In questo Gallino segue la strada del suo illustre collega Pierre Bourdieu, da poco scomparso, che fu uno dei pochi intellettuali che nel decennio testé trascorso avesse scelto di fare della propria disciplina – egli, come Gallino, era un sociologo – uno strumento di lotta militante a favore della causa degli emarginati, divenendo così il maggiore degli intellettuali «organici» ai nuovi movimenti sociali. Bourdieu sostenne sempre la necessità di un ruolo critico dell’intellettuale rispetto allo sviluppo della società, dell’economia e delle istituzioni, uscendo da categorie come quelle della «torre d’avorio» o della «riserva critica», le quali, a suo giudizio, erano comode maschere per il disimpegno e l’oggettivo schieramento a favore dei poteri forti.
In questa logica si inseriscono pienamente i più recenti lavori di Gallino, che esamina con severità intellettuale animata da passione sociale quella globalizzazione che costituisce il più importante fenomeno culturale (e, a spiovere, economico, sociale e politico) del nostro tempo, che ha cambiato in profondità il modo stesso di rapportarsi alle questioni sociali, evidenziando la nascita di nuove forme di disuguaglianza che, da un lato, costituiscono l’amplificazione e la dilatazione di diseguaglianze già esistenti, dall’altro sono di natura nuova, insite nelle pieghe stesse della globalizzazione e richiedenti quindi nuovi strumenti volte a contrastarle. Perché, anche se in molti se ne sono dimenticati, il compito dei movimenti sociali e dei partiti riformisti, sia di matrice cattolico democratica che di matrice socialdemocratica, è quello di combattere la disuguaglianza sociale, di renderla meno strutturale rispetto al sistema sociale e politico vigente, con una particolare attenzione ai diritti di chi non ne ha e di chi ne ha e potrebbe perderne.

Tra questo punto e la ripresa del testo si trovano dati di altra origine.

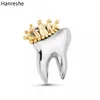 Hanrehe Medical Crown Broche de dente pinos Creative Dentista Dentista Jóias Acessórios para Jóias Presente Dentro de dentes de lapela para Médicos Enfermeiras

In questo senso, l’opera di Gallino appare una volta di più come un cri de coeur che un riformista di salde convinzioni lancia alla parte politica e sociale che sente più affine perché non si perda nell’accettazione acritica del punto di vista degli avversari per ridursi a giocare eternamente – se mi si passa la metafora calcistica – di rimessa sul campo altrui.
Il mercato che non c’è
Una delle prime mitologie che vanno sfatate è quella che riguarda la natura del mercato, inattingibile totem del nostro tempo: non a caso, la prima parte del saggio di Gallino si intitola Il mercato, istituzione di Stato. L’espressione contiene già in se stessa il suo significato, nel senso che la scelta di ampliare, restringere o addirittura distruggere la sfera d’influenza del mercato spetta al potere che si pone come regolatore generale, ossia lo Stato, attraverso una molteplicità di strumenti che vanno dalle tariffe doganali più o meno elevate agli accordi transnazionali oppure attraverso la decisione di gestire in proprio settori della vita produttiva, o con l’intervento a favore delle vittime dei processi di destrutturazione e ristrutturazione del sistema produttivo.

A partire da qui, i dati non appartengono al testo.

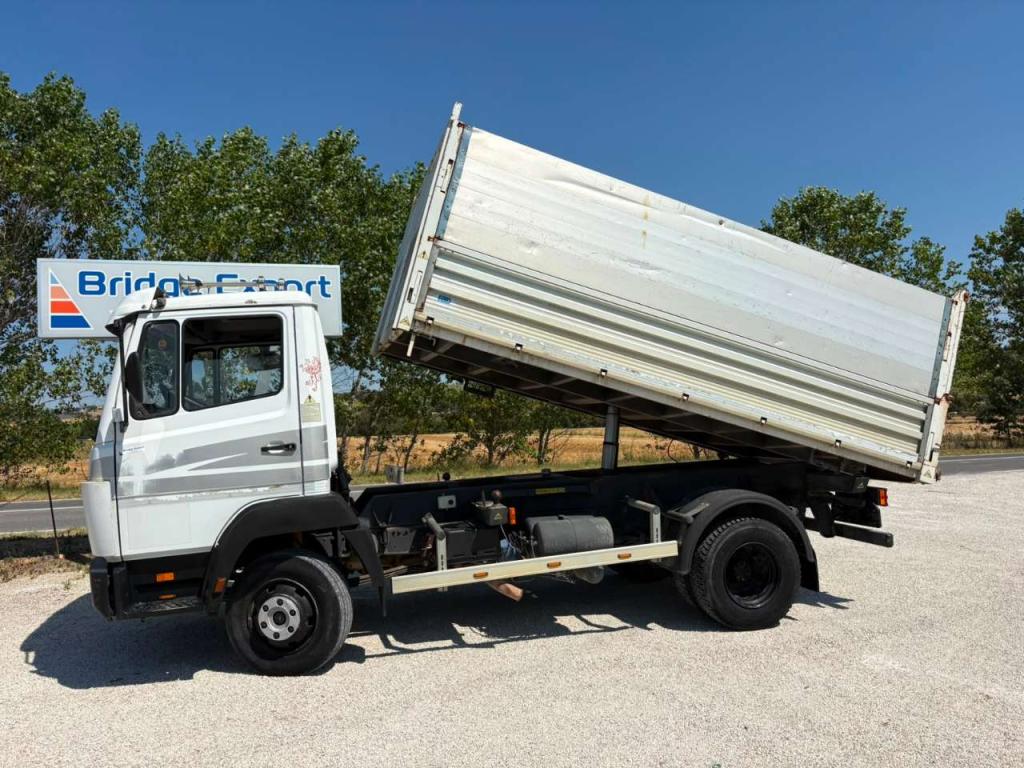 Mercedes-Benz 817 ribaltabile trilaterale Foto 2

In ogni caso, lo Stato non opera sul mercato solo con finalità economiche, ma può intervenire anche con finalità politiche, come dimostra tutta la complessa architettura dell’Unione europea, gigante economico costruito in base ad una precisa scelta di carattere politico. Nello stesso tempo, la globalizzazione annulla gran parte dei presupposti in base ai quali gli Stati hanno costruito la loro politica economica nel corso del XX secolo; né d’altro canto può essere differentemente, essendo la globalizzazione un fenomeno basato soprattutto sul principio della leggerezza e dell’immediatezza, ambedue ben simboleggiate dalla rapidità degli scambi di capitali finanziari, dal diffondersi di tecnologie digitali sempre più sofisticate e, più in generale, dall’affermarsi di politiche volte a rimuovere ogni vincolo ai movimenti di capitale e alla delocalizzazione degli investimenti produttivi in aree dove il costo del lavoro e le tutele sindacali e legali sono infinitamente inferiori a quelle dei Paesi sviluppati (giungendo all’assurdo, come ha dimostrato Naomi Klein nel suo studio di certe «zone franche» nelle Filippine, di creare villaggi in cui non solo le leggi dello Stato ospitante ma anche le più elementari forme di diritti civili erano subordinate alle dure regole delle multinazionali).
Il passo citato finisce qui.